Des décisions qui n’ont pas été sans conséquences pour le secteur de la pêche artisanale. Ainsi, les pêcheurs n’allaient presque plus en mer et les populations méfiantes, se terraient chez elles. Toutefois, les mareyeuses à l’instar de Togbo Clarisse n’ont pas baissé les bras. Elles continuaient à se rendre sur leurs lieux de travail, parce qu’il fallait selon elles que les populations mangent du poisson au-delà des heures de couvre-feu. Même s’il est vrai que la survenue de la pandémie ne coïncide pas avec la période de haute saison de pêche c’est-à-dire de juillet à octobre, Clarisse et ses collègues avec le peu de poissons dont elles disposaient, utilisaient la plateforme WhatsApp de vente de poissons créée dans le cadre du projet IPC-AO et animée par les femmes et leurs clients pour livrer du poisson à domicile.  

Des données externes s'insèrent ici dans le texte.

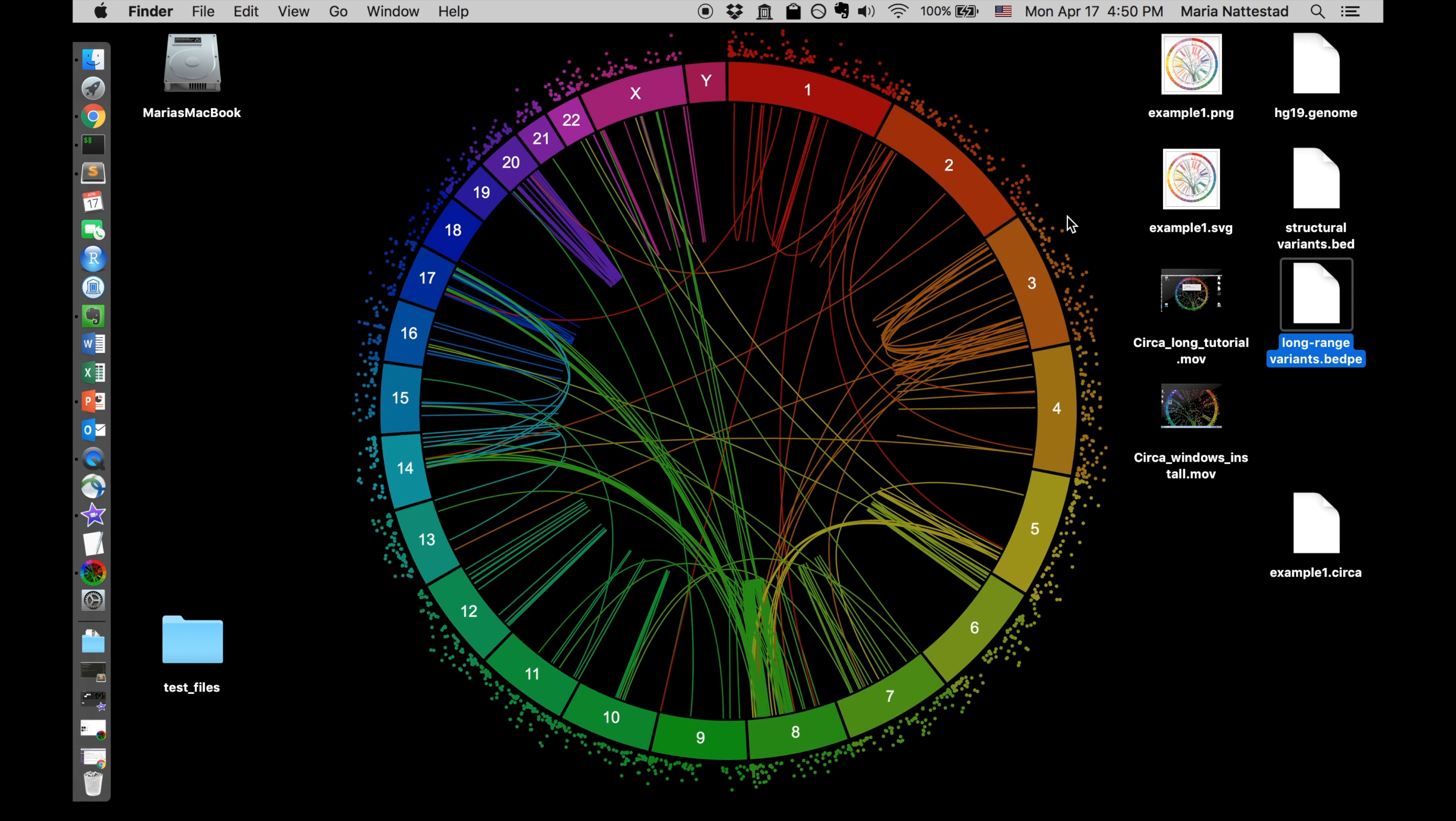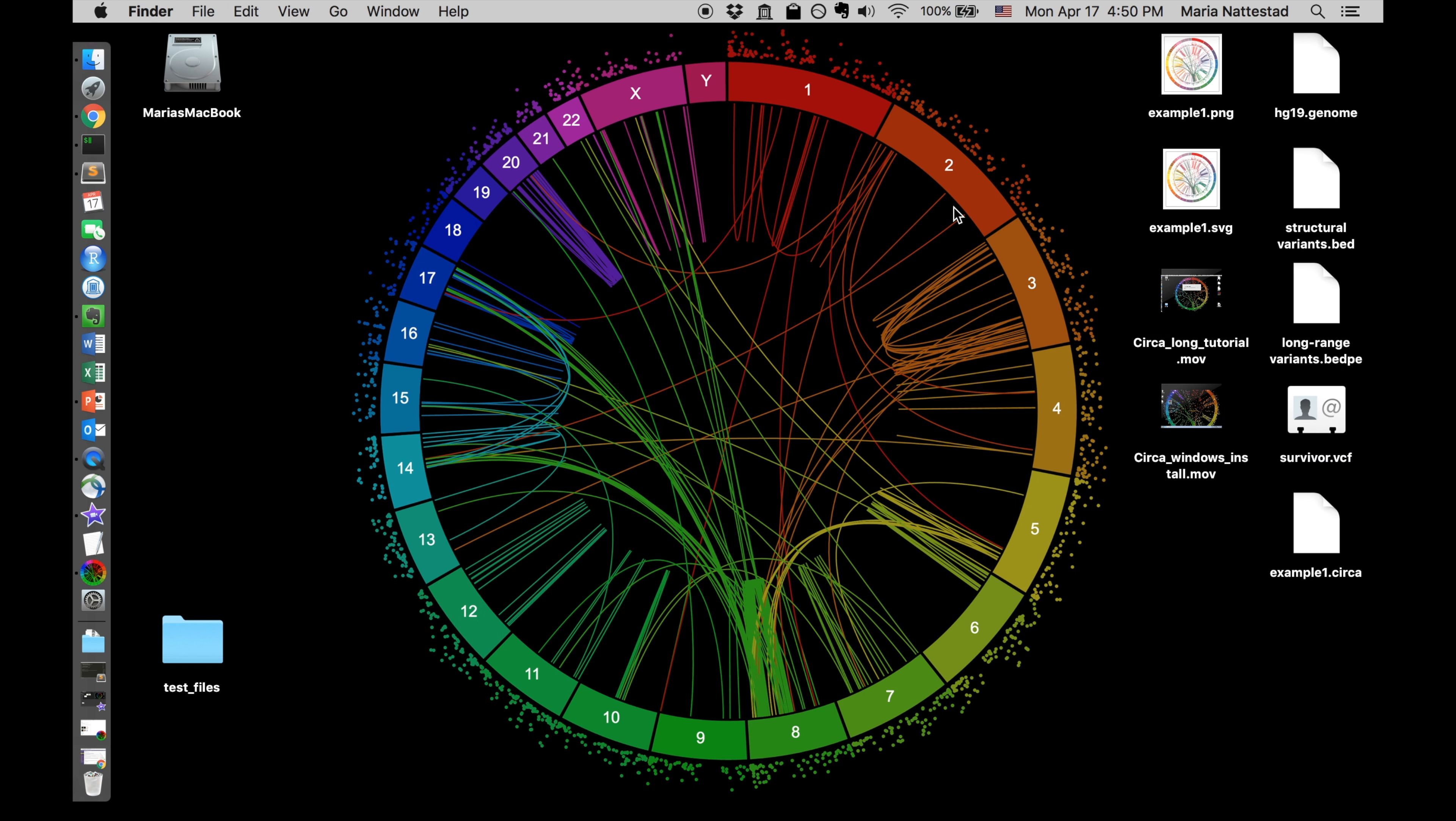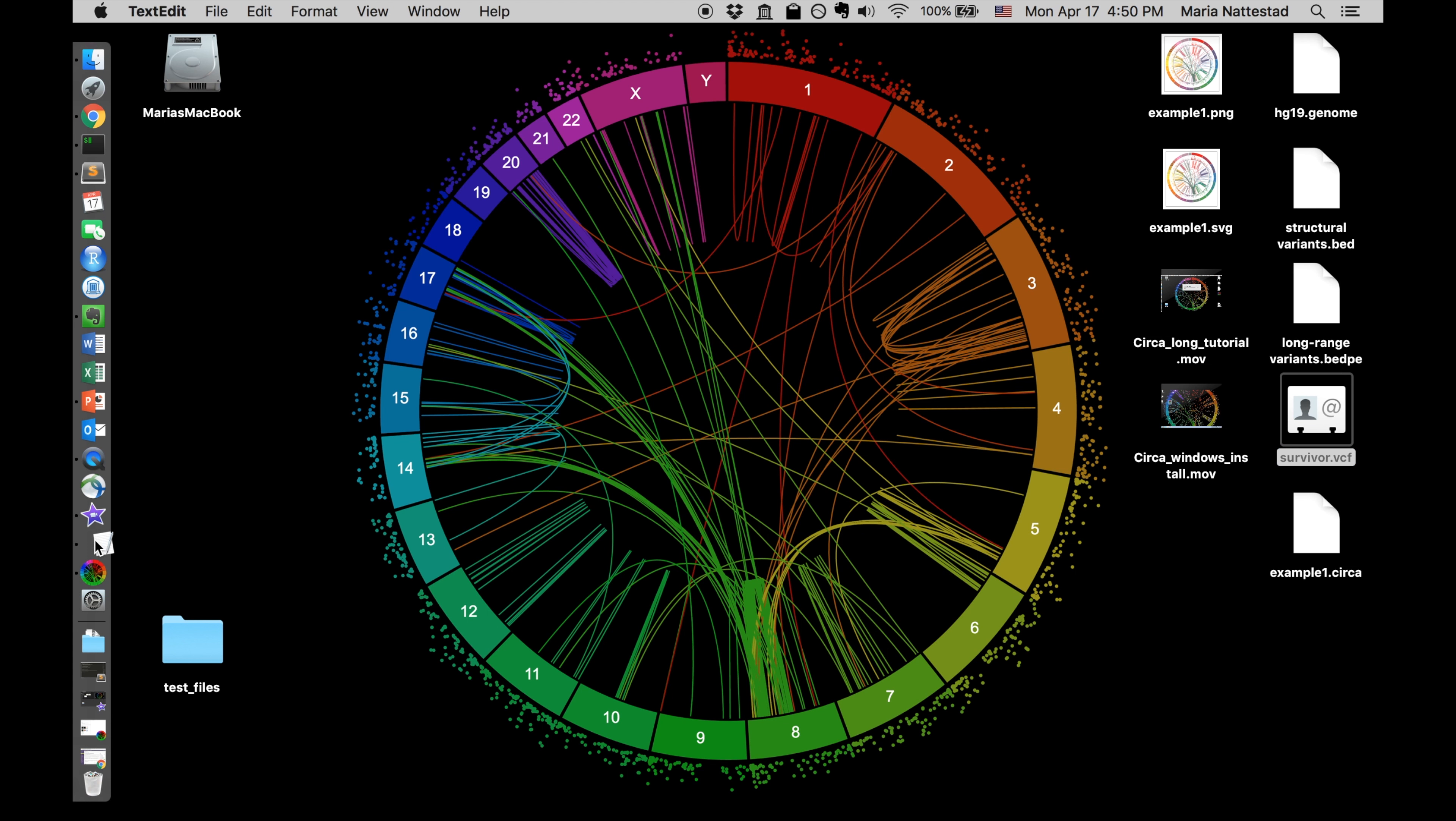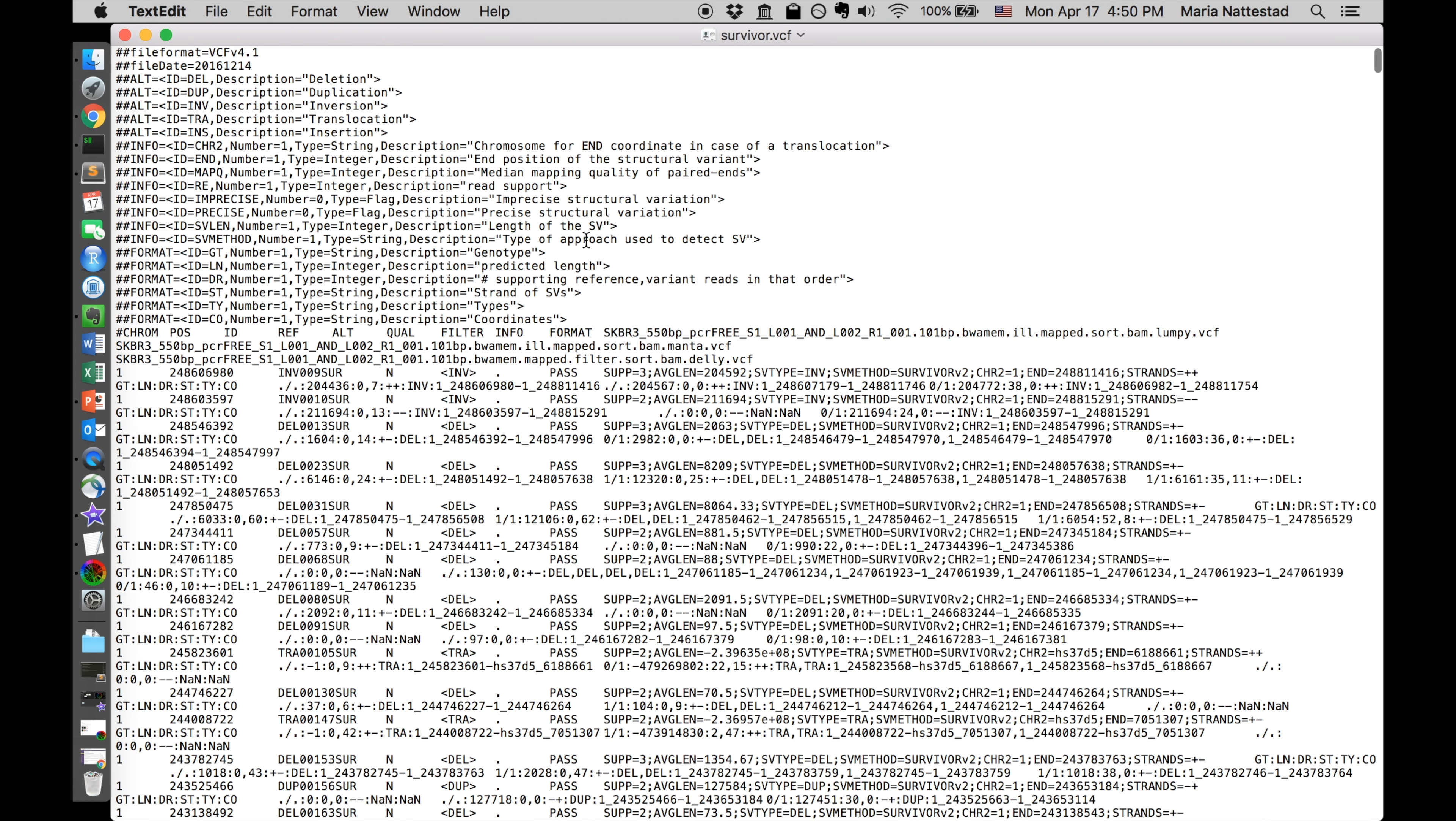I even have support for VCF files. Let me see if I can find one of those. So we also have support for VCF files and these look really funny. You shouldn't double click them because they'll try to add themselves to your address book because VCF is how they do contacts on a Mac for some reason. This is what a VCF file looks like. This is from survivor.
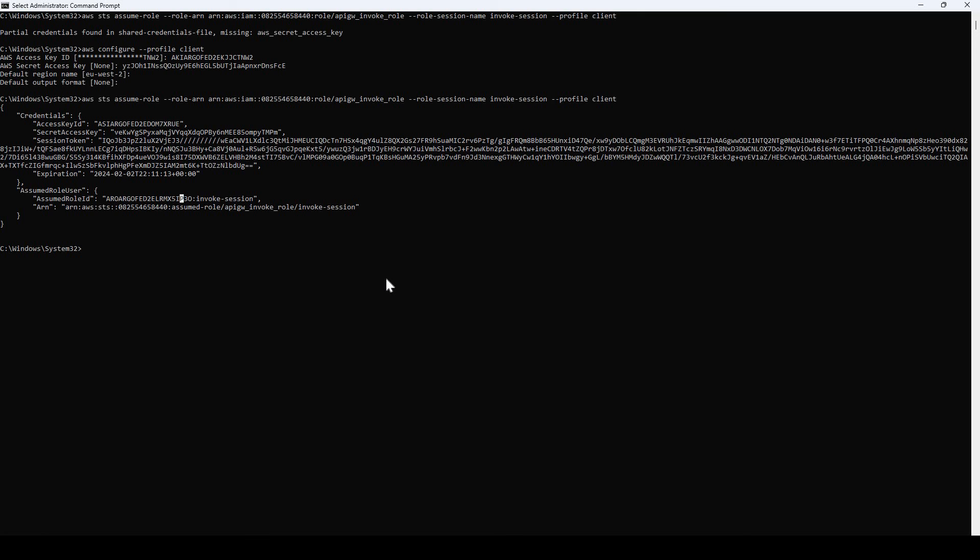These were the two different ways in which we can use IAM based access policy in our API Gateway APIs. If you have any doubts or have any comments please write down in the comment box in this video. If you like the video please hit the like button and if you have not subscribed to the channel please consider subscribing. Thank you.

Toujours inventive, Clarisse n’a pas hésité lorsque la haute saison a débuté en juillet, à passer ses nuits au débarcadère. « Il faut bien que quelqu’un veille sur le poisson pour ne pas qu’il se gâte » dit-elle avec le sourire. « Pendant le couvre-feu, lorsque le poisson arrivait après 18h, nous devions être présentes pour l’acheter et le conserver car les chambres froides ne sont pas performantes ». Aussi, « il fallait trouver les moyens de se procurer de la glace malgré les barrages de sécurité en ville et utiliser les réfrigérateurs de fortune pour que nos poissons, surtout le thon, gardent leur fraicheur ». En effet, l’espèce de poisson privilégiée par les clients et largement vendue par les mareyeuses est le thon. Il est très prisé par les vendeurs de « Garba »et la population en raffole. Initialement commercialisé par des nigériens, le « Garba » est aujourd’hui vendu à grande échelle par des ivoiriens qui n’hésitent pas à lui donner une couleur locale.

Une autre difficulté engendrée par la Covid-19 a été « l’approvisionnement des clients vivant dans les zones en dehors du Grand-Abidjan. Il n’était pas facile de s’y rendre et les prix pratiqués par les transporteurs autorisés à convoyer les marchandises à travers le pays étaient exorbitants. « Aussi pour éviter de perdre de l’argent, nous fumons ou séchons notre poisson pour le vendre. Ce qui a considérablement réduit notre bénéfice » affirme Clarisse très amère. « Si ça continue comment allons-nous subvenir aux besoins de nos enfants ? »

 Mareyeuse métier d’avenir

Le métier de mareyeuse nourrit sa personne nous révèle Togbo Clarisse. Mais lorsque nous lui demandons combien cela lui rapporte, elle se contente de nous faire savoir qu’elle vit bien de son métier. Et que cette activité lui permet de scolariser ses deux enfants. Une fille de 10 ans qui vient d’avoir l’entrée en sixième et son garçon de 18 ans qui est en terminale. Beaucoup de femmes s’y intéressent surtout celles qui, à cause de la crise post-électorale, se retrouvent veuves ou sans emploi avec des enfants à charge. Aussi elle invite les gouvernants et les partenaires techniques et financiers à l’image de la FAO à s’intéresser à la pêche artisanale pour aider à l’autonomisation des femmes et des jeunes déscolarisés.